HR 8799e é um exoplaneta do tipo “super-Júpiter”, um mundo diferente de qualquer um dos planetas existentes no Sistema Solar, já que é mais massivo e muito mais jovem do que qualquer dos planetas que orbita o nosso Sol. Com apenas 30 milhões de anos, este exoplaneta bebé é suficientemente jovem para dar aos astrónomos pistas sobre a formação de planetas e sistemas planetários. O exoplaneta é completamente inóspito — a energia que restou da sua formação e um forte efeito de estufa fazem com que HR 8799e apresente uma temperatura de cerca de 1000º C à sua superfície.

Esta é a primeira vez que interferometria óptica é utilizada para revelar detalhes sobre um exoplaneta e a nova técnica deu-nos um espectro extremamente detalhado com uma qualidade sem precedentes — dez vezes mais detalhado do que observações anteriores. As medições levadas a cabo pela equipa revelaram a composição da atmosfera de HR 8799e — a qual contém algumas surpresas.

“A nossa análise mostrou que HR 8799e tem uma atmosfera que contém muito mais monóxido de carbono do que metano — algo que não se espera do equilíbrio químico,” explica o líder da equipa Sylvestre Lacour, investigador do CNRS no Observatório de Paris – PSL e no Instituto Max Planck de Física Extraterrestre. “A melhor maneira de explicar este resultado surpreendente é com elevados ventos verticais no seio da atmosfera, os quais impedem o monóxido de carbono de reagir com o hidrogénio para formar metano.”
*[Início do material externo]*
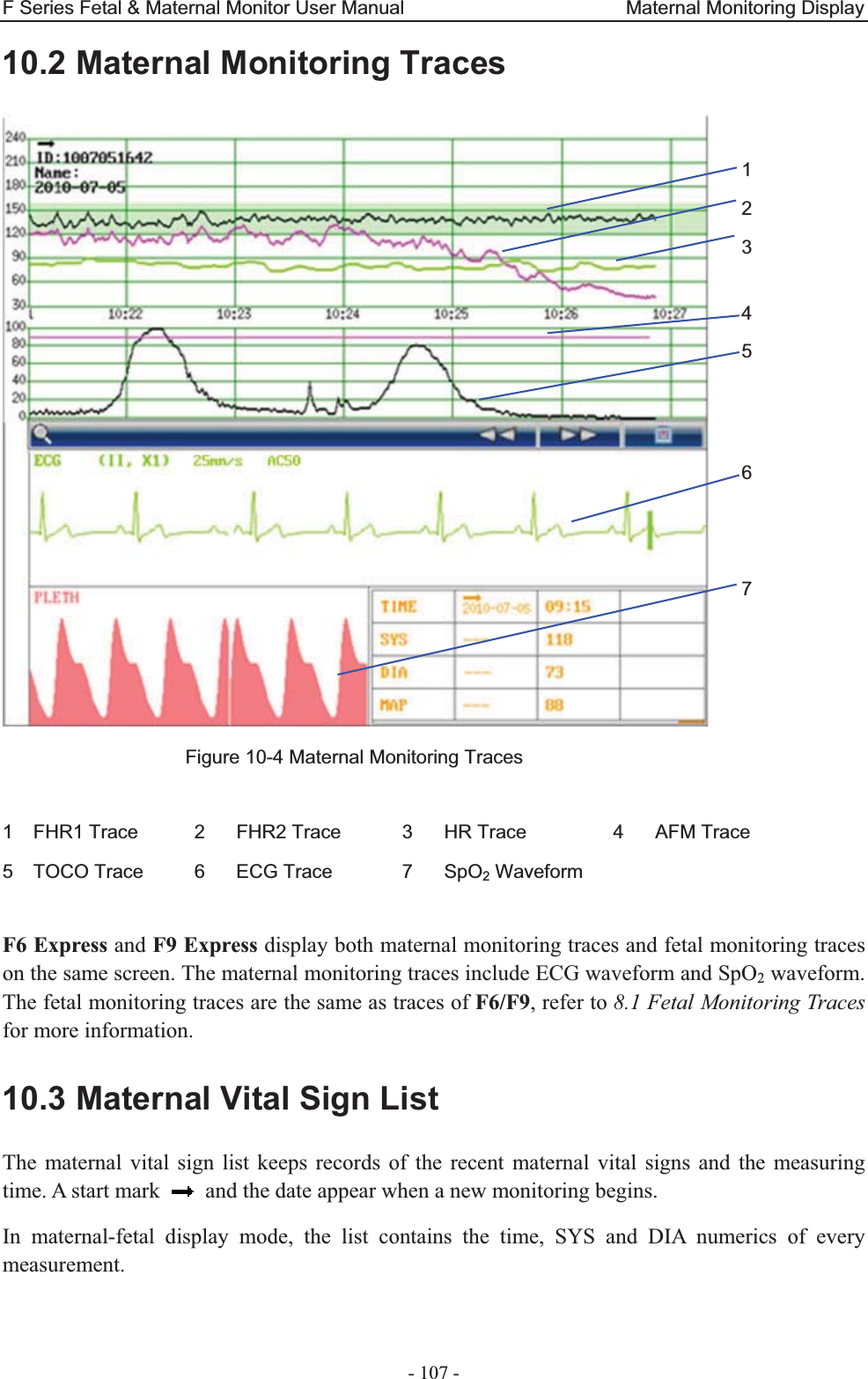 F Series Fetal &amp; Maternal Monitor User Manual                       Maternal Monitoring Display - 107 - 10.2 Maternal Monitoring Traces  Figure 10-4 Maternal Monitoring Traces  1  FHR1 Trace  2  FHR2 Trace  3  HR Trace  4  AFM Trace 5  TOCO Trace  6  ECG Trace  7  SpO2 Waveform      F6 Express and F9 Express display both maternal monitoring traces and fetal monitoring traces on the same screen. The maternal monitoring traces include ECG waveform and SpO2 waveform. The fetal monitoring traces are the same as traces of F6/F9, refer to 8.1 Fetal Monitoring Traces for more information. 10.3 Maternal Vital Sign List The maternal vital sign list keeps records of the recent maternal vital signs and the measuring time. A start mark    and the date appear when a new monitoring begins. In maternal-fetal display mode, the list contains the time, SYS and DIA numerics of every measurement. 1 2 3 4 5   6  7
A equipa descobriu que a atmosfera contém igualmente nuvens de poeira de ferro e silicatos. Quando combinado com o excesso de monóxido de carbono, este facto sugere-nos que a atmosfera de HR 8799e esteja a sofrer os efeitos de uma enorme e violenta tempestade.

“As nossas observações sugerem uma bola de gás iluminada do interior, com raios de luz quente em movimento nas nuvens escuras tempestuosas,” explica Lacour. “A convecção faz movimentar as nuvens de partículas de ferro e silicatos, que se desagregam provocando chuva no interior. Este cenário mostra-nos uma atmosfera dinâmica num exoplaneta gigante acabado de formar, onde ocorrem processos físicos e químicos altamente complexos.”

Este resultado junta-se ao já impressionante conjunto de descobertas feitas com o auxílio do GRAVITY, as quais incluem a observação do ano passado de gás a espiralar com uma velocidade de 30% da velocidade da luz na região logo a seguir ao horizonte de eventos do buraco negro super-massivo que se situa no Centro Galáctico. Este novo resultado acrescenta mais uma maneira de observar exoplanetas ao já extenso arsenal de métodos disponíveis aos telescópios e instrumentos do ESO — abrindo caminho a muitas outras descobertas impressionantes.